Nuclear receptors, or NRs, are unique transcription factors that regulate gene transcription and affect the cellular pathways involved in reproduction, development, or metabolism. Their ability to be stimulated by small lipophilic ligands and control vital cellular processes makes them ideal drug targets. Nearly 10-15% of currently prescribed drugs target these receptors.

About 48 different soluble family members of nuclear receptors are identified that can be divided into two main classes:

  • Class I nuclear receptors consist of endocrine receptors such as estrogen, androgen, and glucocorticoid receptors. These cytosolic receptors remain monomeric, attached to a heat shock protein until bound by a ligand. Ligand binding allows the heat shock protein to dissociate and induce receptor homodimerization. As the homodimer moves to the nucleus, it binds DNA response elements and either initiates or suppresses gene transcription. Recent pharmacological advances have led to the development of selective estrogen receptor modulators (SERMs) such as tamoxifen and raloxifene. SERMs show tissue-specific action on the estrogen receptors and help treat osteoporosis and breast cancer. Tamoxifen is an antagonist that binds breast estrogen receptors and blocks them, preventing cancer cell multiplication. In contrast, the same drug acts as an agonist upon binding the estrogen receptors in bones. It helps activate them and preserve bones while increasing bone density.

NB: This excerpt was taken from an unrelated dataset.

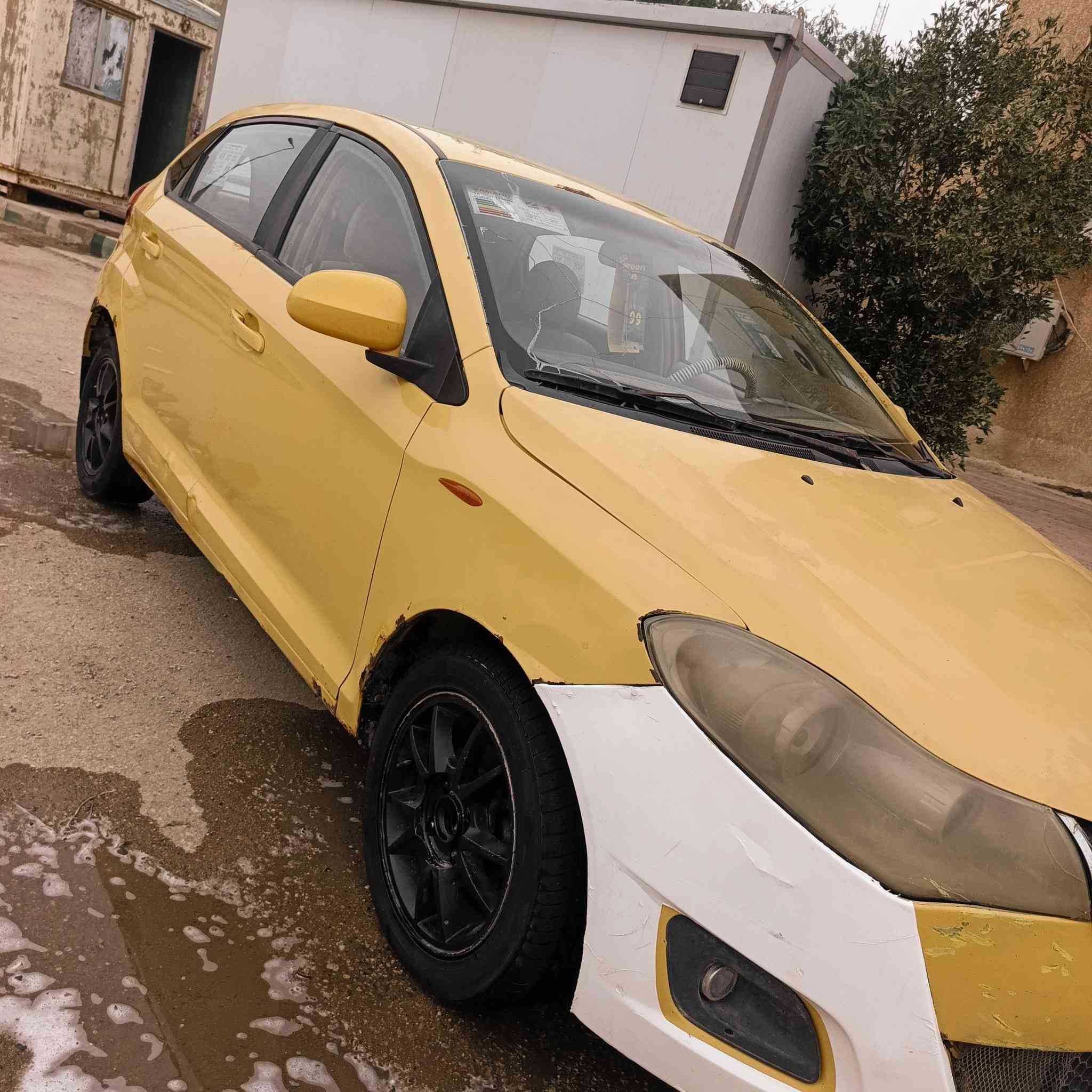 سلام عليكم سياره البيع شيري فلاوين مديل 13كفاله عامه رقم احمر راعيه بل رميثه الهيئه واغرمات على المشتري تكفل سرقه وعشأر وطلب السعر 17وبيه مجال...... ترهم مراوس وبيع‏‪***********‬‏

  • Class II nuclear receptors consist of the peroxisome proliferator-activated receptor (PPAR), the liver oxysterol receptor (LXR), the farnesoid receptor (FXR), and the xenobiotic receptor. They control the transcription of genes involved in lipid metabolism, glucose homeostasis, and inflammatory response. They exist as heterodimers with retinoid X receptors and are located on DNA. Without a ligand, they remain attached to co-repressors and prevent gene transcription. The co-repressor detaches as the ligand binds these heterodimers, allowing the co-activator to attach and unzip the DNA for transcription. Class II nuclear receptors are targeted by lipid-lowering drugs such as clofibrate and fenofibrate, antidiabetics such as thiazolidinediones, and various non-steroidal drugs. Apart from this, xenobiotic receptors regulate the expression of the drug-metabolizing enzyme CYP3A, which is responsible for the pharmacokinetics of 60% of prescription drugs.